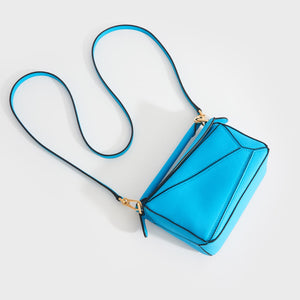 LOEWE Puzzle Mini Leather Shoulder Bag in Blue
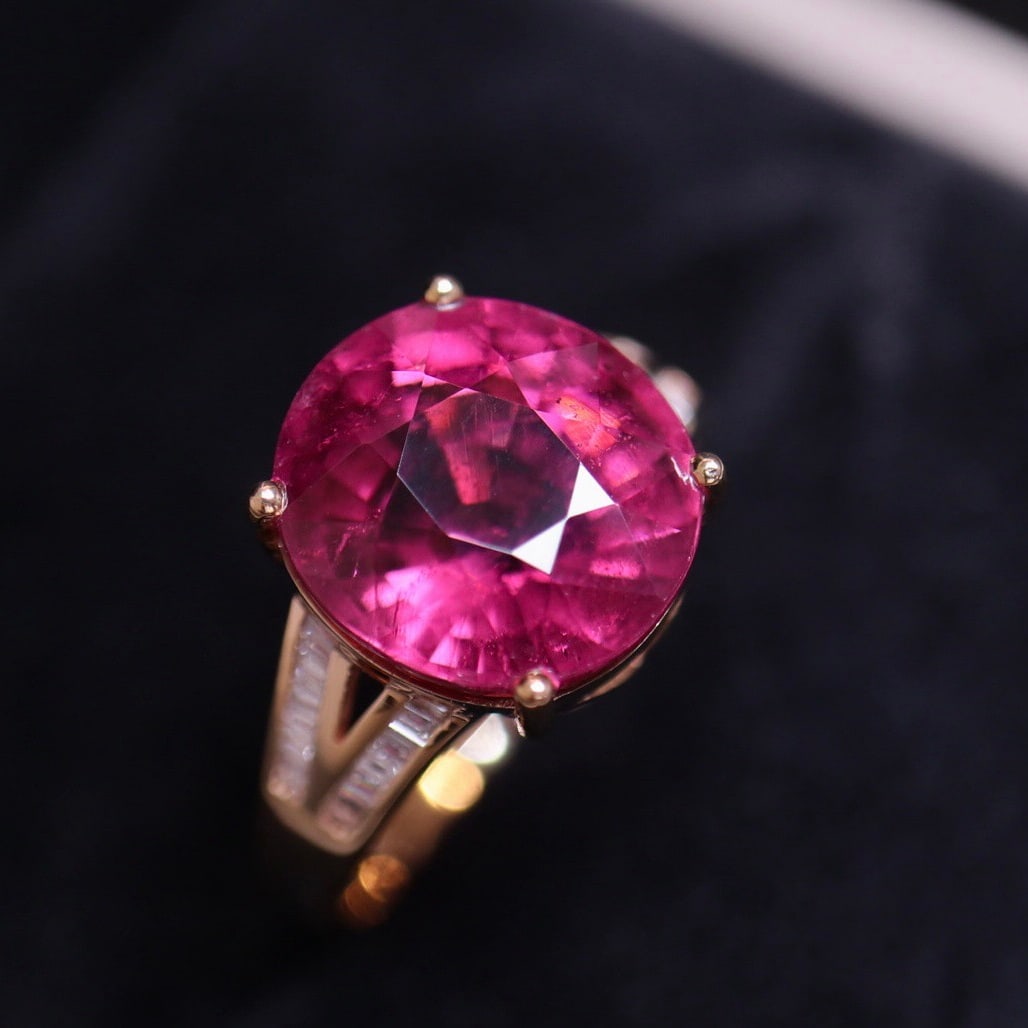 14k Gold 5.82 Ct Natural Tourmaline & Diamond Ring - 2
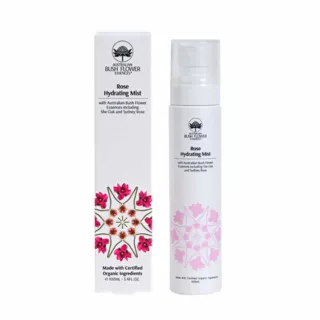 Rose Hydrating Mist bottle and box with floral design, 100ml, certified organic ingredients.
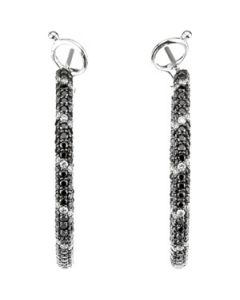 14Kw W/Black Rhodium Black And White Diamond Earrings 14K White Gold Pair 2 Ct Tw 14Kw W/Black Rhodium Black And White Diamond Earrings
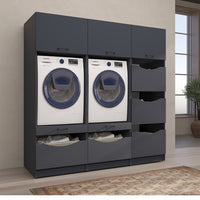 Roomart Waschmaschinenschrank SERIE-2 für 2 Maschinen mit Putzschrank, 198 cm, in 2 Farben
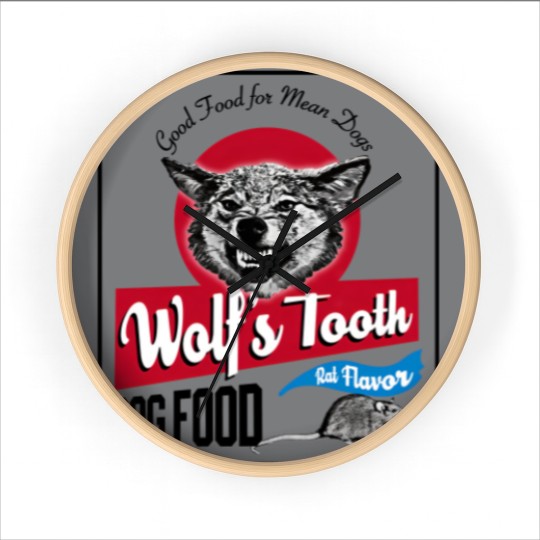 Discover Wolfs Tooth Mean Dog Food Once Upon A Time In Hollywood Men's Wall Clocks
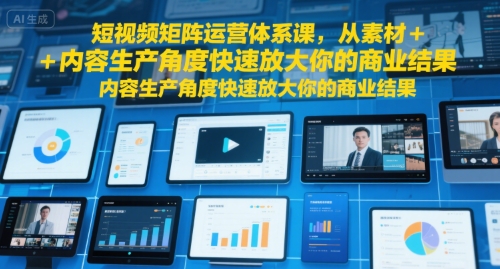 短视频矩阵运营体系课，从素材+内容生产角度快速放大你的商业结果祝你网-副业赚钱-互联网创业-资源整合祝你网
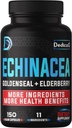 Immune Defense Support Suppement - All-in-1 11 Herbs Blend of Echinacea, Goldenseal, Elderberry, Camu, Ginger, Thyme, Chaga, Reishi, Burdock, Acerola - 5 månaders leverans - 150 kapslar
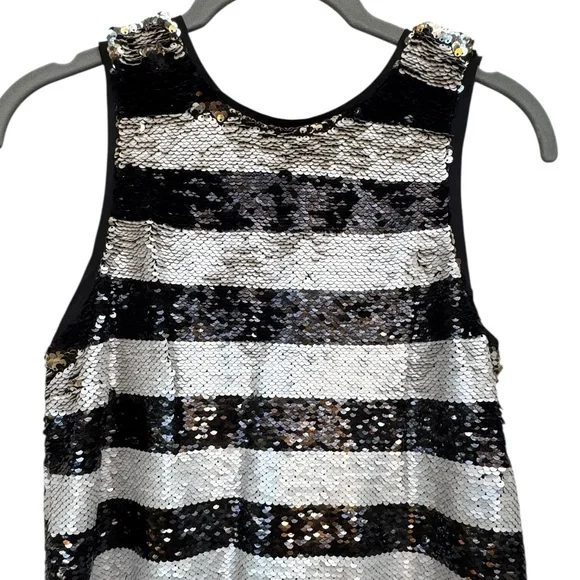 Gianni Bini Sparkling Black and Silver Striped Kids Dress size XL - Picture 4 of 7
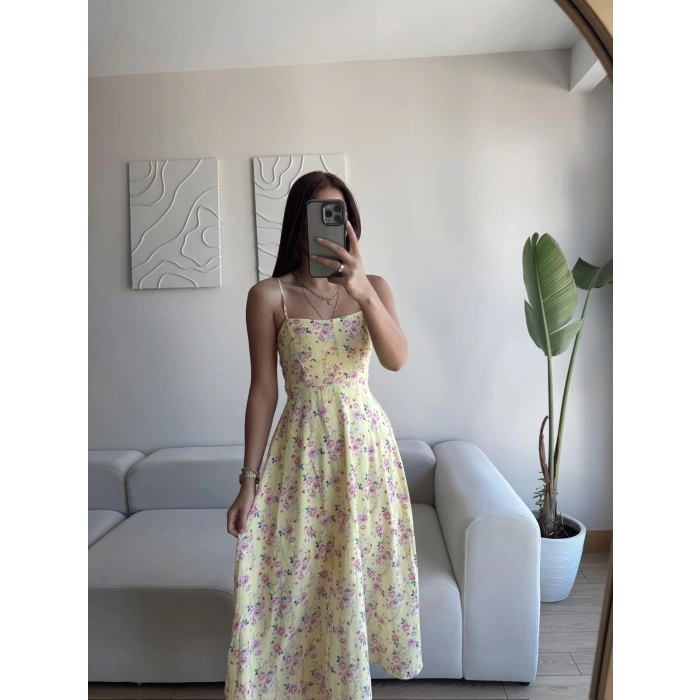 Askılı Çiçek Jessica Elbise - SARI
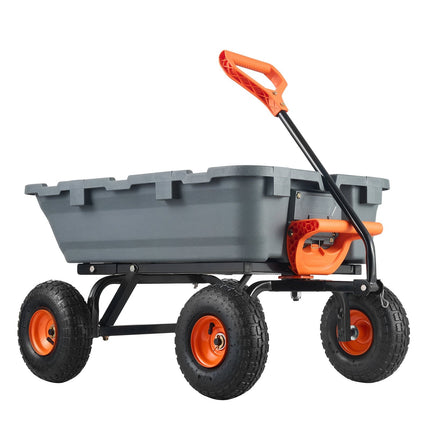 Garden Dump Cart, Poly Tub, 800 lb, 10 in Tires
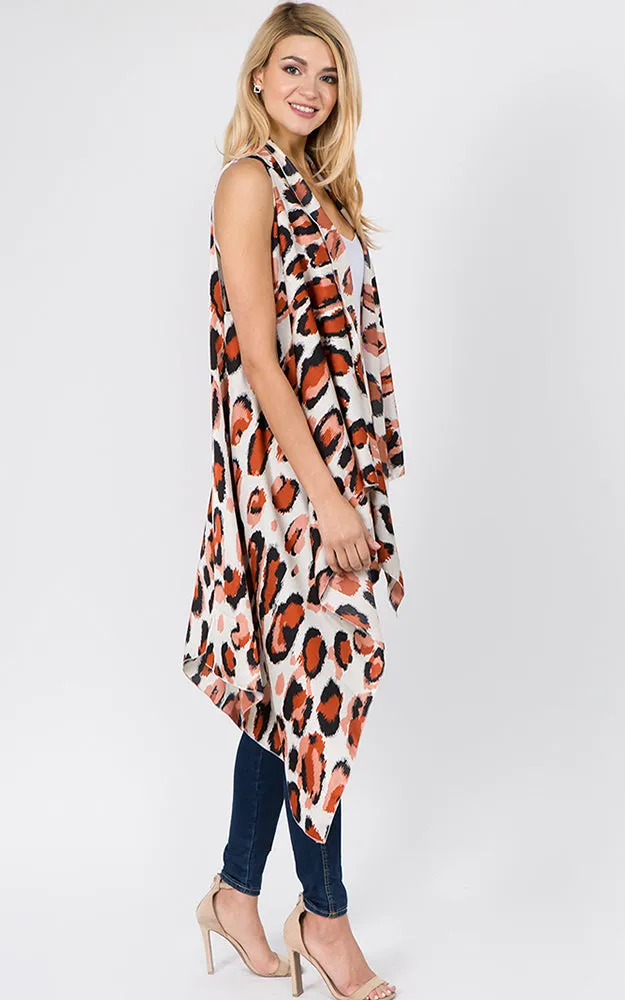 SN1C17 Animal Printed Scarf Long Vest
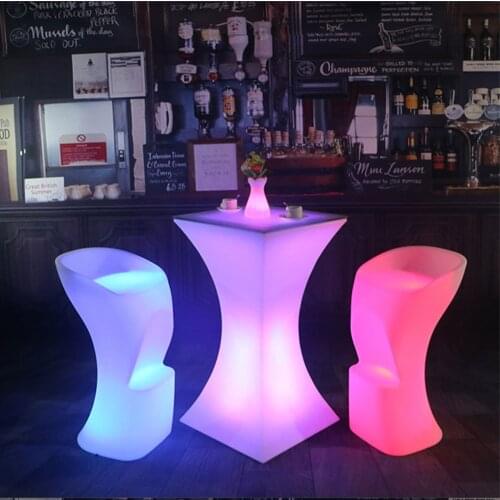 Rechargeable LED Illuminated Cocktail Table Waterproof glowing Led bar table lighted coffee table bar kTV disco hotel supply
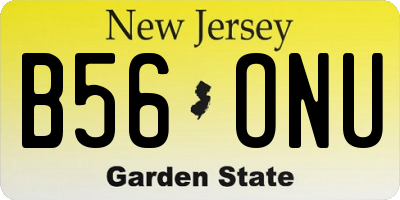 NJ license plate B56ONU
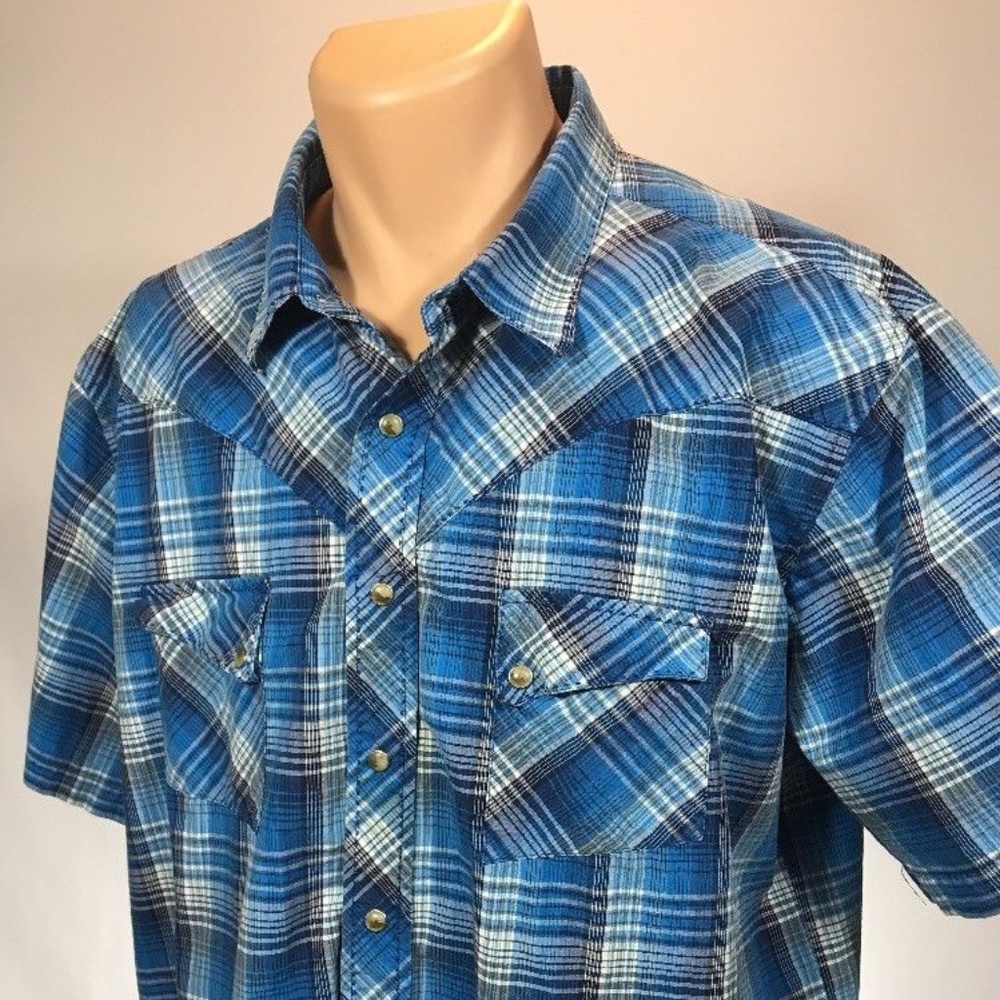 Wrangler XXL Shirt Western Mens Pearl Snap
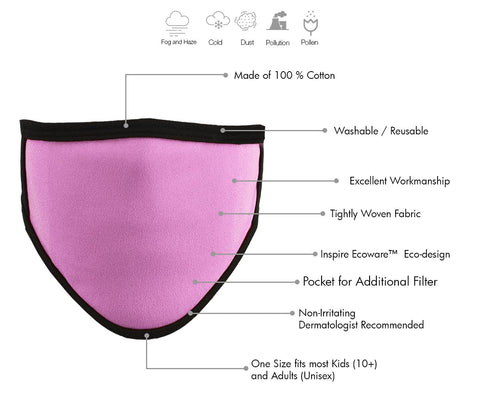 Milwaukee Leather (Multi-Pack) MP7924FM Ladies 'Black and PInk' 100 % Cotton Protective Face Mask with Optional Filter Pocket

Directions for this task. Pictures don't belong in the copy. Retype exactly the lines from the one with "Gianni Bini Sparkling" through the last line of the records.

Answer for this exercise.
 Gianni Bini Sparkling Black and Silver Striped Kids Dress size XL - Picture 4 of 7
 Askılı Çiçek Jessica Elbise - SARI
 Garden Dump Cart, Poly Tub, 800 lb, 10 in Tires
 SN1C17 Animal Printed Scarf Long Vest
 Rechargeable LED Illuminated Cocktail Table Waterproof glowing Led bar table lighted coffee table bar kTV disco hotel supply
 NJ license plate B56ONU
 Wrangler XXL Shirt Western Mens Pearl Snap
 Milwaukee Leather (Multi-Pack) MP7924FM Ladies 'Black and PInk' 100 % Cotton Protective Face Mask with Optional Filter Pocket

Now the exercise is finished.